CAN BORO ever make the Great Leap Forward into the top six? Or will the weight of history, the resources at their disposal and the limitations of the potential crowd forever condemn them to bang their heads against the glass ceiling that prevents provincial upstarts from getting to the game's top table? Worse still, will the force of football gravity pull them back into the abyss?
History - even recent history - is littered with the debris of clubs that got within touching distance only to be whisked away and cast back down into oblivion: Sunderland and Ipswich both broke briefly into the top group only to slip through the trapdoor within two years. Now Boro - UEFA Cup finalists less than 12 months ago - are anxiously looking over their shoulders at the cellar dwellers and hoping results go their way. Is top flight survival the best we can hope for? And does that constitute success?
One thing is certain: Boro are punching above their historical weight. In the all time top flight table Boro rank 20th they are behind Sheffield United, Wolves, Forest, Derby, Bolton, Blackburn, West Brom, Sheffield Wednesday and Sunderland. Most supporters who grew up in the pre-Premiership days will know that. And they are just ahead of West Ham, Birmingham, Stoke, Leicester, Southampton and Coventry.
Yet in the all time Premier League table Boro are ranked 13th and are above a lot of those teams that historically have been above them. The modern era has seen Boro make a massive and significant advance of seven places in the pecking order and edge towards the top half.
In a flawed but generally well reasoned "big club" table weighted to give a ranking based on historic trophies and top flight status, Boro are rated 21st. Yet again in the shorter time frame Boro have made a massive improvement. They have won a trophy more recently that 16 of the teams above them. If the weighting system was done over the Premiership lifespan (and as we know football started in 1992) and if it included cup final appearances too then Boro would by in the top eight or possibly even top six.

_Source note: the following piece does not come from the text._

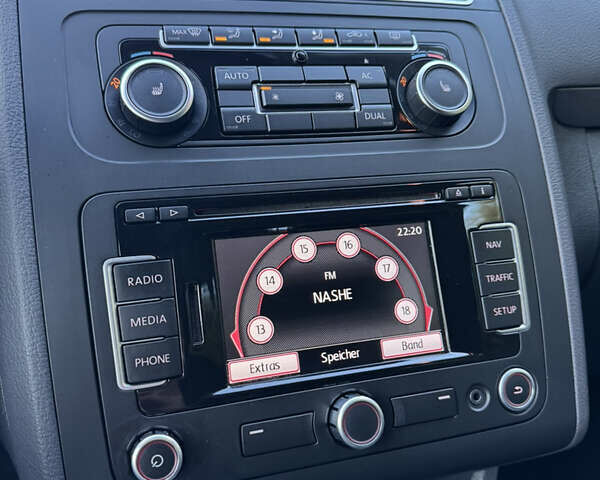 Черный Фольксваген Туран, объемом двигателя 1.6 л и пробегом 162 тыс. км за 11850 $, фото 52 на Automoto.ua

The Riverside years have constituted a Golden Age without precedent. The wonder team of Wilfie Mannion won nowt. Charlton's Champions swept to the second division title but stuttered and stagnated in the top flight. But the era driven forward by Steve Gibson has produced a flurry of previously unknown benchmarks: the first major national knockout final appearance, the first FA cup semi, the first final, three Wembley trips in 13 months, the first trophy win, the first campaign in Europe, the first qualification through the league, a UEFA Cup final, nine years out of ten in the top flight and an epoch of expectations raised beyond the wildest dreams of any sane individual that ever frequented Ayresome Park. That is all to be applauded.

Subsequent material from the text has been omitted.